Gli Usa guardano a Trump, a cosa succederà con l’anno nuovo; l’Europa guarda alle crisi economiche e politiche di Francia e Germania che non possono che peggiorare (le previsioni); Israele va avanti, tra consensi e poca opposizione, con la sistematica distruzione del popolo palestinese. Doveva essere, giustamente, Hamas a sparire come organizzazione militare e politica ma Israele, con il silenzio o le poche parole di condanna di quasi tutto il mondo, ha chiaramente modificato il suo obiettivo dichiarato.

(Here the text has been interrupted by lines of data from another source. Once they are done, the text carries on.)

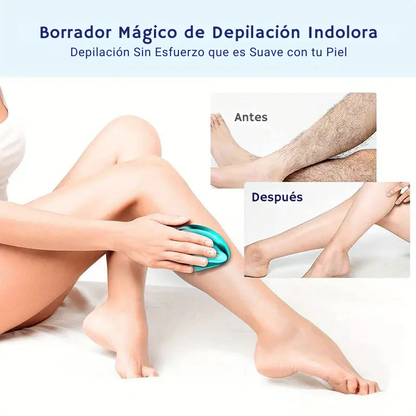Depiladora SmoothTouch Crystal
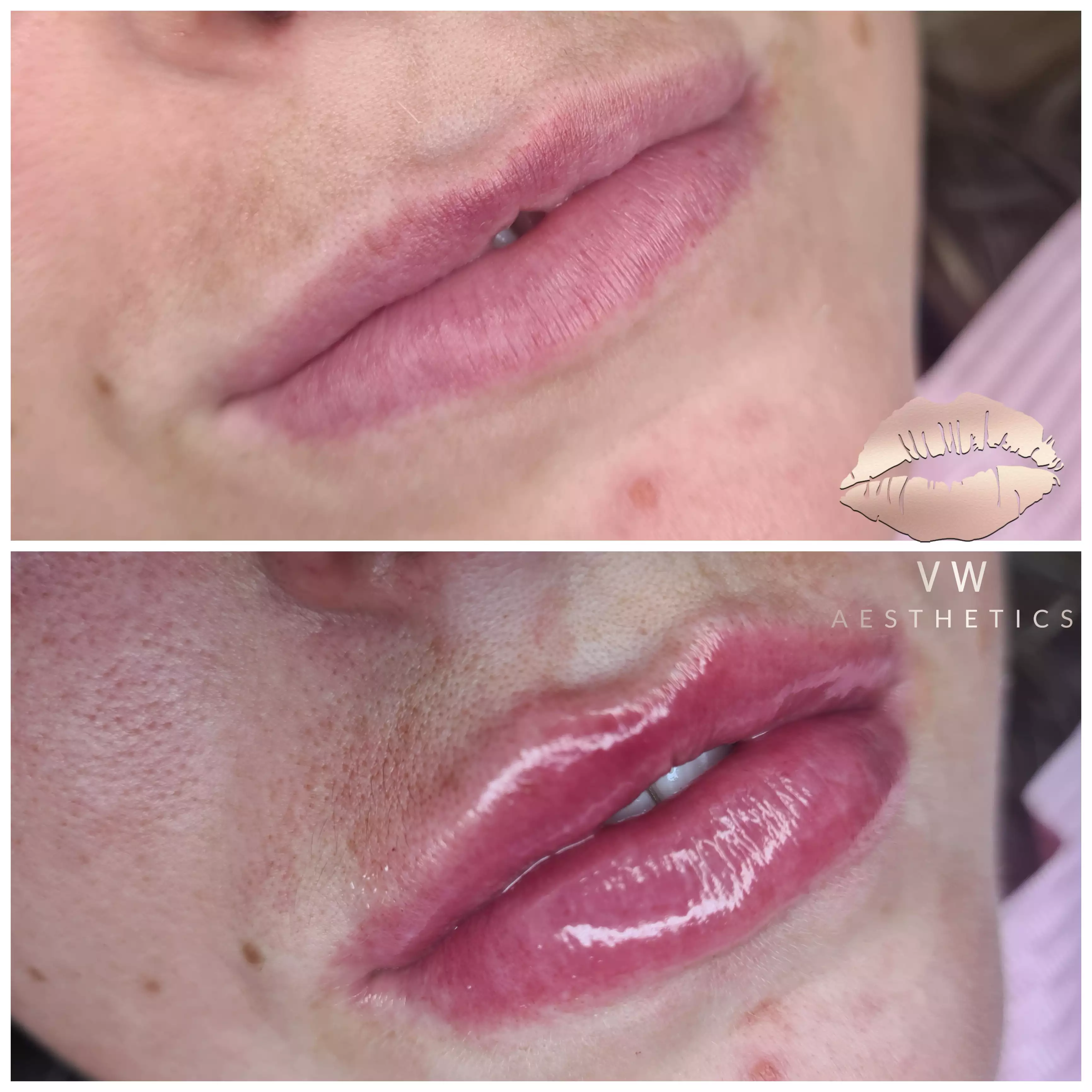 Jawline & Chin Contour - VW Aesthetics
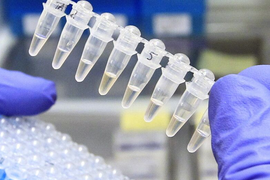 Анализы (часть 2)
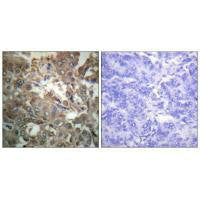 Immunohistochemistry analysis of paraffin-embedded human breast carcinoma tissue using XPA antibody.Rabbit anti-Human XPA Polyclonal Antibody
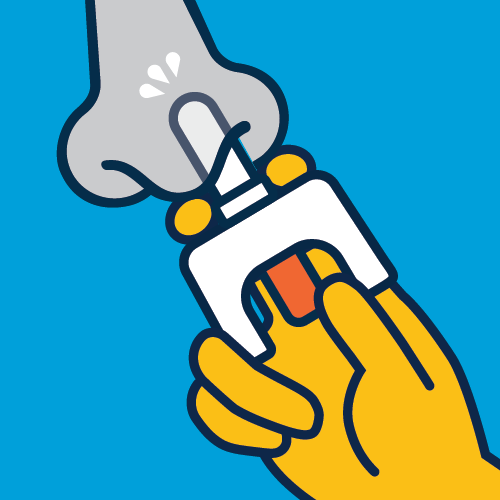 An illustration of administering naloxone nasal spray. A hand holds naloxone with pointer and middle finger on either side, and thumb on the plunger. The spray is inserted all the way into a nostril, and droplets indicate dispensing the medication. 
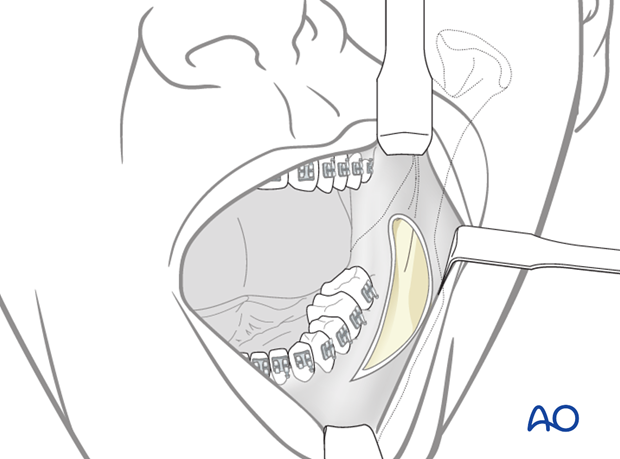 transoral approach to the mandibular angle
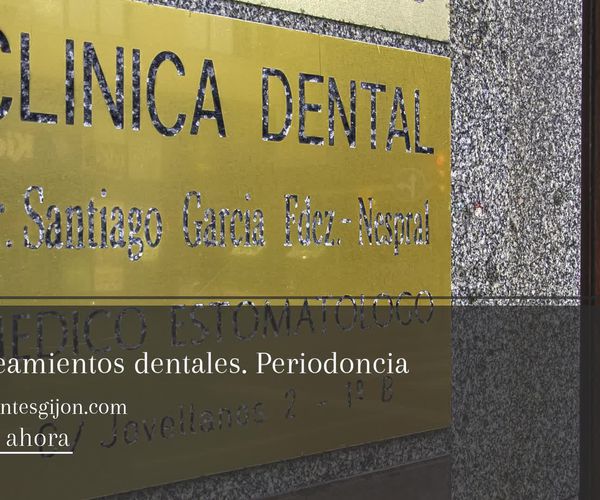 Implantes dentales en Gijón | Clínica Dental Santiago G. Fdez. - Nespral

La Palestina deve scomparire, i palestinesi possono sopravvivere se decidono di andare altrove – come furono costretti a fare gli ebrei che i romani, i cristiani, cacciarono da Gerusalemme e la “Terra Santa” affermano apertamente i politici di centro destra. I confini di Israele, come era scritta anni fa nella piattaforma politica del Likud, devono andare dal Mediterraneo al Giordano. Le alture del Golan che persino l’ambiguo politico di sinistra Shimon Peres – è stato anche premier – considerava territorio siriano sono state occupate dalle forze armate israeliane (alcuni civili che protestavano uccisi) dopo il crollo a sorpresa del regime del presidente Assad. Natanyahu dichiara sicuro di sé che il Golan sarà per sempre terra d’Israele. E nonostante la tregua da poco firmata con Hezbollah, le forze israeliane non danno indicazione alcune di volere lasciare il Libano. Anzi. Alcuni dei loro più fanatici politici e militari affermano – con il sostegno immediato di qualche studioso “esperto” – che una volta, duemila anni fa, gli ebrei regnavano anche sul territorio oggi considerato Libano.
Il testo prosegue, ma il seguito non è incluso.